Mumbai: State-run Airports Authority of India (AAI) will lose at least Rs2,000 crore, or about half its revenue, if the government goes ahead with a plan to turn the air traffic control (ATC) division into a separate unit.
The move could also scuttle AAI’s aspiration for navaratna status, which provides a state-run company a degree of financial independence. It’s currently a miniratna, which gives it the freedom to invest up to Rs500 crore without government approval. A navaratna can invest twice that amount without government permission.
ATC manages communications, navigation, surveillance and traffic management for aircraft on the ground and in the air. The government wants to spin it off to upgrade and benchmark services to international standards. The civil aviation ministry hired consulting firm KPMG India to carry out a pre-feasibility study for splitting the ATC from AAI by April 2012.
Constituted by an Act of Parliament, AAI came into being on 1 April 1995, with the merger of the National Airports Authority and International Airports Authority of India. It manages 125 airports across India and oversees at least 2.8 million nautical sq. miles of air space.
“The key issue that AAI will face is profitability and capability of the firm to invest in airports’ upgrade once money-spinner ATC is carved out into a separate entity,” said an AAI official, requesting anonymity. “The risk of losing miniratna status is secondary and achieving navaratna is a distant dream.”
In fiscal 2009-10, the latest figures available, AAI reported a net profit of Rs712.29 crore on Rs4,615.29 crore revenue. Almost half of this revenue, Rs2,125.84 crore, came from air traffic management services.
“The ATC division is the cash cow. AAI may lose the miniratna status and find it difficult to source loans for airport development from the market,” another AAI executive said. AAI has earmarked Rs14,000 crore as capital expenditure needed to modernize airports across the country.
AAI’s latest annual report (2009-10) said capital expenditure incurred on infrastructure at various airports rose to Rs2,742.54 crore from Rs2,547.52 crore in the previous year.
“The disturbing factor has been the fact that AAI has to resort to borrowings to finance its capital projects,” the report said. Borrowings in 2009-10 amounted to Rs550 crore. AAI is already short of funds to support extensive airport modernizations across the country.

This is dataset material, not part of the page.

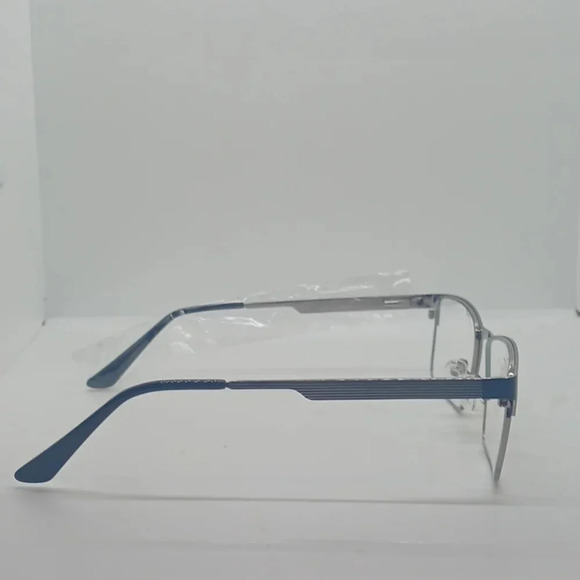 NWT MEN'S STUDIO 42 EYEGLASS FRAMES 8557 GREY - Picture 3 of 4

AAI chairman V.P. Agrawal could not be reached for comments. Nasim Zaidi, secretary, ministry of civil aviation, did not offer any comment.
V. Somasundaram, member (air navigation services), AAI, who is in charge of the ATC functions, said he was not aware how the division would be implemented.
AAI’s profitability will be impacted but the government should not treat ATC as a commercial enterprise as it relates to the safety and security of air traffic management, said Vishwas Udgirkar, senior director and partner, Deloitte Touche Tohmatsu India Pvt. Ltd.
For the miniratna tag, a public sector enterprise needs a three-year track record of profit, at least Rs30 crore pre-tax profit in one of the three years and positive net worth.
AAI may lose its miniratna tag for failing to fulfil these requirements, said Arun Kumar Sinha, joint secretary, department of public enterprises.
“The implication of lower revenue will naturally lead to losing miniratna status for AAI,” Sinha said. “However, a final call will be taken by the administrative (civil aviation) ministry.”
The department of public enterprises acts as a nodal agency for all public sector enterprises and assists in laying down policy guidelines on performance improvement and evaluation, financial accounting and personnel management.
On 27 July, news agency Press Trust of India reported that AAI had sought navaratna status for greater operational autonomy, citing Bhaskar Chatterjee, secretary, department of public enterprises.